In all likelihood, if you are a counselor or a minister, you have encountered couples who are experiencing the trial of infertility. Below, I’ve listed a few tips for working with these couples and hope that these assist you in providing a supportive and effective atmosphere for them. 

ROLE OF THE PASTOR/COUNSELOR/MENTOR

*To be well versed regarding the emotional, relational, and spiritual challenges of infertility,  as well as reproductive treatment options. Just as we would want to be aware of cultural differences that can impact our clients, we need to be aware of the life and challenges of the couple experiencing infertility. 

*Normalize and validate the common struggles at each phase of infertility grief (see “Processing Infertility Grief”. 

*Educate regarding gender differences in infertility grief and assist the couple in processing their grief without divisiveness. 

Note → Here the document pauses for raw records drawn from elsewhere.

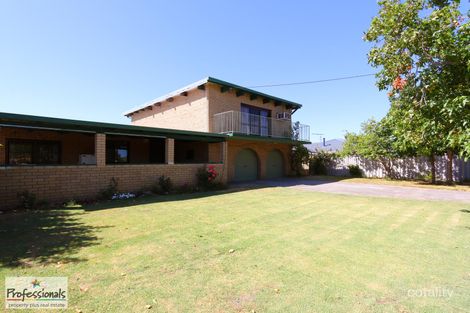 Property photo of 15 Moncrieff Road Langford WA 6147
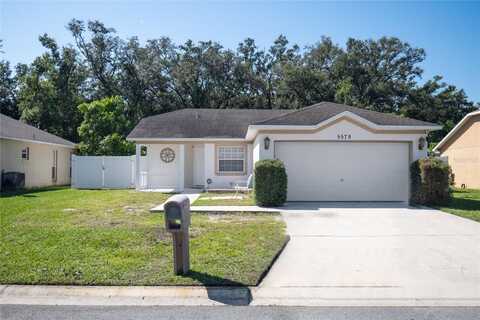 5579 STARLING LOOP, LAKELAND, FL 33810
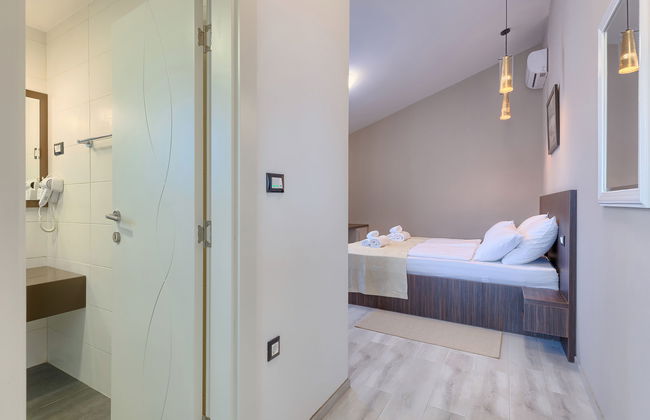 Alba Rossa - Foto 37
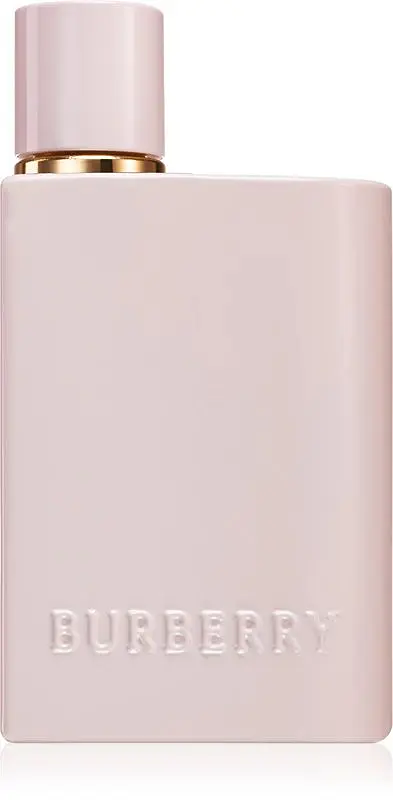 Оригінал Burberry Her Elixir Intense 50 мл Парфумована вода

*Refer couples to support groups if available, at minimum mentors who can relate in a non-threatening and supportive manner. This is particularly important due to the isolation that generally accompanies infertility. If no resources are locally available, advocate for the development of these resources. 

*Educate couples regarding stress management techniques. Infertility is known to be as stressful for individuals as a life-threatening condition. 

*Assist couples in making deliberate, well-processed decisions regarding their treatment options, taking into consideration spiritual convictions, financial obstacles, family dynamics, stress-levels, etc… 

*Assist clients, through role-play, in communicating their struggles, needs, and hurts to family, friends, and co-workers as it relates to infertility. Assist couples in determining what they are comfortable sharing with others and in explaining what they prefer to be kept private, how they will respond to announcements of pregnancy, invitations to baby showers, etc… This type of rehearsal assists couples in overcoming isolation and resentment. 

*Have couples journal their experiences and emotions and process in session. 

Processing Infertility Grief, taken from Water From the Rock, co-authored by Donna Gibbs (these are expected experiences of grief related to infertility) 

*Denial/Shock: “I can’t believe this is happening to me.” 

*Desperation/Panic: “I’ll do whatever it takes to have a child.” 

*Anger/Resentment: “What kind of God would allow me to go through this?” 

*Sadness/Depression: “Why me?” 

*Inadequacy/Guilt: “What is my purpose now?” 

*Hope/Peace: “I’m OK.” 

*Reconciliation/Integration: “May Your will be done.”